TASK ITEM => Among the entries below, extract exactly the lines that run from the one with "6000 Sqm Land For Sale - Slor Kram" through the one with "Кроссовки Adidas модель GX4811 Кроссовки", both ends included.

DATA EXTRACT =>

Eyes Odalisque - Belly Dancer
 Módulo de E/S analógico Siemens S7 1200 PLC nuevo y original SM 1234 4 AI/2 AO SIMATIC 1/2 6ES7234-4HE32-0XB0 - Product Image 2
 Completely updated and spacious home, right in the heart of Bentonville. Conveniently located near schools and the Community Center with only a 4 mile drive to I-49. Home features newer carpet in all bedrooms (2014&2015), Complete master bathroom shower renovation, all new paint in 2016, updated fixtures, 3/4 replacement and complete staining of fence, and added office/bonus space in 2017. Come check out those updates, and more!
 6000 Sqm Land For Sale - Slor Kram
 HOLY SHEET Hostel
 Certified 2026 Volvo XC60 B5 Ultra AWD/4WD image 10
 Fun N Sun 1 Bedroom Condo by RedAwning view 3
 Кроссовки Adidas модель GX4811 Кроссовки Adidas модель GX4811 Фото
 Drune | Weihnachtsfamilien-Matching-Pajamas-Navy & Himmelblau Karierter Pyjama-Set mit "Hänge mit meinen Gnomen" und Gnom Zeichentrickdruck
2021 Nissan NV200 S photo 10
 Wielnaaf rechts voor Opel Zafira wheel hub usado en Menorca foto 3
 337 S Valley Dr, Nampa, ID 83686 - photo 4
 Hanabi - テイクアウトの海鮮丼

YOUR SOLUTION =>
 6000 Sqm Land For Sale - Slor Kram
 HOLY SHEET Hostel
 Certified 2026 Volvo XC60 B5 Ultra AWD/4WD image 10
 Fun N Sun 1 Bedroom Condo by RedAwning view 3
 Кроссовки Adidas модель GX4811 Кроссовки Adidas модель GX4811 Фото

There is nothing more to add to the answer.